By Martin Ramirez/ south news editor
Moving from Iran to the U.S. is a big change, especially for an artist like Pooran Lashini who didn’t know English and struggled to communicate verbally and artistically.
“The first year was a little bit hard because the culture was different, the language was completely different and it was so hard for me as a good artist,” she said. “I was a professional painter in my country. It was so hard for me to come here, and I cannot talk about my art, I cannot express my creations for the people. I was just really confused.”
When Lashini moved to the U.S. after getting married, she enrolled on South Campus and found the school’s ESL program that offers learning courses to speak, read and write English.
“I just told myself, ‘You have one choice … to learn the skill to communicate with the people and know the culture,’” she said. “Little by little, I went over the language, and my art got stronger as well because now I can communicate with my art and the language with the people.”
Lashini makes art for a reason: It can’t be kept inside.
“Creating something isn’t in your hand. It’s like something is pulling inside your soul, and you don’t have a choice. You should bring it out,” she said. “It’s something that comes from your heart.”

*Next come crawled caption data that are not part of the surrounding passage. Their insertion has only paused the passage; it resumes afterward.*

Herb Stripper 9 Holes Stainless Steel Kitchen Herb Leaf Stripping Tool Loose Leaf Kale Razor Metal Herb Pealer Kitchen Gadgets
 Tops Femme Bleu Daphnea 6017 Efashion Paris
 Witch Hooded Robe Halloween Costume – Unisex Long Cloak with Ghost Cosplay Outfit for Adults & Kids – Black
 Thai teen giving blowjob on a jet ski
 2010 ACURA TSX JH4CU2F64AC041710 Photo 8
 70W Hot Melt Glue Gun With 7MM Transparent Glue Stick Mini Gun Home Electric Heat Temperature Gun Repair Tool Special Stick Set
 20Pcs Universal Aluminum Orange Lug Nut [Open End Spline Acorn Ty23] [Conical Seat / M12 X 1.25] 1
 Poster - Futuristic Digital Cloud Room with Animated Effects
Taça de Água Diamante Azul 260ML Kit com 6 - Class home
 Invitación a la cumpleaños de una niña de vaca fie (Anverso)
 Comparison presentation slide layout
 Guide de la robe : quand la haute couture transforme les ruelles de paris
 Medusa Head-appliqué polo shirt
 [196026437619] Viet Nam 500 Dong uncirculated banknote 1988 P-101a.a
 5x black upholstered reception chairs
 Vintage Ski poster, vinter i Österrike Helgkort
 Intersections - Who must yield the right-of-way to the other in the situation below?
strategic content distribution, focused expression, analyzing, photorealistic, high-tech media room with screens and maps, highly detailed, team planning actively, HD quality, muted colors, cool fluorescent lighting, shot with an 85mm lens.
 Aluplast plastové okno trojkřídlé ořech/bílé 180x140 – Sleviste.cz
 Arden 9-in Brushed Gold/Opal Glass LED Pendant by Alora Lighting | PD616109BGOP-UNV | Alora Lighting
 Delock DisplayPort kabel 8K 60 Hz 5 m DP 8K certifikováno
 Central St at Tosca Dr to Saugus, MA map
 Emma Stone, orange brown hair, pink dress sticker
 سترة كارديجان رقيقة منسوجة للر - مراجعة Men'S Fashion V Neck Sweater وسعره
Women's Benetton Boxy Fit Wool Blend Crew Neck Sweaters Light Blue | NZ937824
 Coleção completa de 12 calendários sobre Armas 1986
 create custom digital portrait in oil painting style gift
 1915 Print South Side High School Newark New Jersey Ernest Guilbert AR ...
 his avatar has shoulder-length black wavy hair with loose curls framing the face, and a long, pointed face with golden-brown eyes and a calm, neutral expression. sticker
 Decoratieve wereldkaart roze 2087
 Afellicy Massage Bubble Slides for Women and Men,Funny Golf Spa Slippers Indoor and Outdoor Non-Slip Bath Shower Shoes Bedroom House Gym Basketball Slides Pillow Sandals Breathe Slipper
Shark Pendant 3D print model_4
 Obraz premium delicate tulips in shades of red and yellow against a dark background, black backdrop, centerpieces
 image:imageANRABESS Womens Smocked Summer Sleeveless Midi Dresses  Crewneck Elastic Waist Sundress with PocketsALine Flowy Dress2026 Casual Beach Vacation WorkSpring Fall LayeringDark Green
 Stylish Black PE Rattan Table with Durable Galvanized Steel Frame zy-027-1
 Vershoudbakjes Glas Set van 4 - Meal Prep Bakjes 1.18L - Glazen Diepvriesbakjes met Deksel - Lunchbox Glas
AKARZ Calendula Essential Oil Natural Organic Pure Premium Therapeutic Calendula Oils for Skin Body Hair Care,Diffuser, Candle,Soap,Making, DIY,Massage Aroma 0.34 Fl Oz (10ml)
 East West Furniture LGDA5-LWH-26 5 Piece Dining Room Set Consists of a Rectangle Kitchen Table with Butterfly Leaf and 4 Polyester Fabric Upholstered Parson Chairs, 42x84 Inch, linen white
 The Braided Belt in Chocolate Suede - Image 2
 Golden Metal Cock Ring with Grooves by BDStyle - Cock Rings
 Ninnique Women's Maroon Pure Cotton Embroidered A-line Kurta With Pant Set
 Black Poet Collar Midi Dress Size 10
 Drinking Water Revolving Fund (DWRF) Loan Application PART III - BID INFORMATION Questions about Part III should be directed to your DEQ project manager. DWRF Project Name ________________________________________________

Lashini was born in Tehran, Iran, where she grew up surrounded by art and culture.
“Heritage is the most important part of any human being’s life. I have a very artistic culture in my country,” she said. “I learned many things, many techniques … because of my heritage. It comes from my great, great master teachers. They taught me, and I learned it and I used it. I have a very great respect for my artistic background.”
She’s inspired by everything around her and found inspiration in American culture.
“I think the most inspiring thing for me is the world. When I’m looking around in nature and even humans, I’m always thinking this is the best thing,” she said. “Now, mostly the thing I am working with is acrylics, and it comes from American artists. I use it in my background to mix the color, and I love how they use the light color instead of dark color. Still, I’m looking for details exactly like my heritage art.”
She describes her art as pure and colorful work that tells a story. Lashini enjoys color in her art.
“I am not in this land — I am not in the Earth — I’m living in the sky when I play with the colors, and I don’t even feel ashamed to say it. It’s the best part for me,” she said. “When you color your art, you give it life.”
Lashini rarely sells her art, for she wants it to stay in her family. However, she donates her art to various charities so they may sell them for a good cause.
“It’s a part of me, and it’s like my children: I try to keep them, I don’t try to sell them,” she said. “Already, I signed a couple of my artworks to them [niece and nephew].”
Her advice for artists and writers: Be honest while they work, keep working and don’t compare their work with other people’s work.
“Don’t try to build something. First of all, looking for something inside your soul is different than building something,” she said. “We are not mechanics. We are artists, and our imagination should have a room in our heart and our soul.”